Your main character will take decisive action based on the side they choose, demonstrating their commitment to their decision. During or immediately after that decisive action, they can make a statement about why their choice is the right one. This resolves the story with a memorable one-liner and helps make the end feel final.

Example

The commander asks the captive leader whether she still believes in the vow to save lives that she made as a doctor. The captive says she wants to, but she’s violated it so many times. The commander then takes off her restraints, explaining that they were once just a gardener, and they wish they had a chance to go back to that. The commander then holds out their hand for a shake, and the enemy doctor takes it.

Solutions for subjective, internal conflicts can be fuzzy. Make sure the reasoning you use to convince your protagonist to make the right decision actually addresses any false beliefs or emotional issues they have. In this case, the commander needed evidence that the enemy wasn’t evil. Just learning that they are starving, for instance, wouldn’t truly address that.

Depicting a Sad Resolution

Dilemma conflicts are good choices for bittersweet results, but they can also lead to tragedies. If this conflict is in backstory, you may want to inflict senseless tragedy on your protagonist. In that case, reveal that one option is the wrong one, but only after the protagonist has irrevocably chosen it.

Example

The commander’s backstory shows a moment years ago when they had to choose whether to accept a peace offering by the enemy. They lowered their weapon, and then the enemy drew their guns and murdered the commander’s fellows.

On the other hand, if this conflict is the climax of a story, generally it’s better if the protagonist is at fault. In that case, their beginning outlook should be a fatal flaw, and you’ll need to show how that flaw finally overcomes their better judgement.

Example

The commander has an opportunity to make peace and let the doctor treat their son, but instead they decide the doctor is only looking for an opportunity to hurt more people. They draw their gun to kill the doctor, only to be shot dead by the lieutenant, who sees it as the only way to save the son.

Combining Problem Solving With Dilemmas

These two types of internal conflicts go great together, resulting in an even more epic battle. To do that, insert one of these conflicts as a sub-part of the other.
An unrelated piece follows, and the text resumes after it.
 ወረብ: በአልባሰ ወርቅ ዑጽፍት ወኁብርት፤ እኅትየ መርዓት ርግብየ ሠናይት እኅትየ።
Here’s some different formats for doing that.

A Realization Causes a Personal Crisis

Your protagonist solves a difficult problem or mystery, but they are not prepared for what they find. Their new knowledge contradicts their current outlook, causing a crisis of belief, ending in an internal dilemma.

Example

The partner tells the cop that the killer is a demon and offers some holy water, but the cop doesn’t believe in the supernatural. After the partner dies, the cop puts the pieces together and realizes that a supernatural explanation is the only explanation. The cop has to decide whether to stick with what they know or embrace supernatural methods.
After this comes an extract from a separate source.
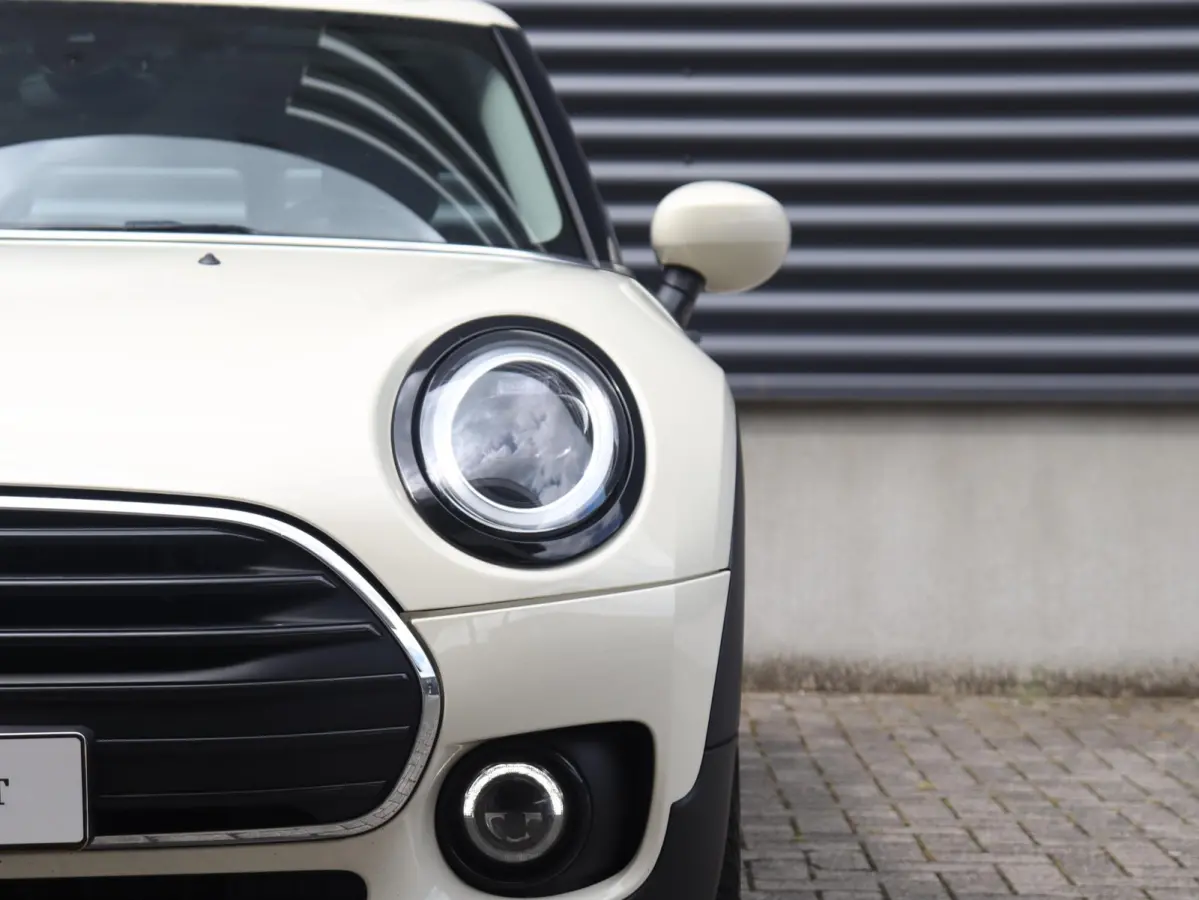 One | Cruise Control + Apple Carplay + Parkeersensor Achter + LED Koplampen + 17" LMV |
Personal Growth Leads to a Realization

Your protagonist has failed solve a problem because a personality flaw has compromised their reasoning. They struggle separately with that flaw, face a great dilemma, and finally choose to leave their flaw behind. Soon after, they are rewarded with a sudden realization.

Example

The commander has been seeing more and more drones fly through the sky, sending down missiles that damage settlements. Because they assume the enemy is responsible for these drones, they don’t understand the real cause. After they make peace with the enemy faction, the commander realizes both factions have a common enemy.
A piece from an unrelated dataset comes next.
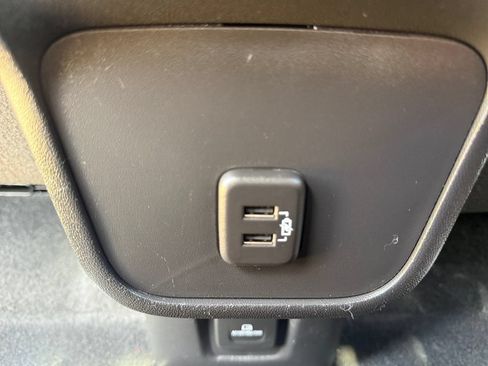 Used 2022 Chevrolet Equinox RS w/ Infotainment Package AWD/4WD image 36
A Realization Allows Them to Solve Their Dilemma

Your protagonist is struggling between two options in a difficult dilemma. While they waver between them, they solve a mystery that gives them critical, new information. With that information, they know which option they should choose.

Example

The cop has to decide whether to trust the guidance of Clarissa’s father, a man that knows way too much about the demon. At the moment of their decision, the cop sees a last clue that identifies the demon as Clarissa. The cop then knows her father is a murderer and not to trust him.


Together, external and internal conflicts provide a story that is both riveting and deep. Don’t write one without the other.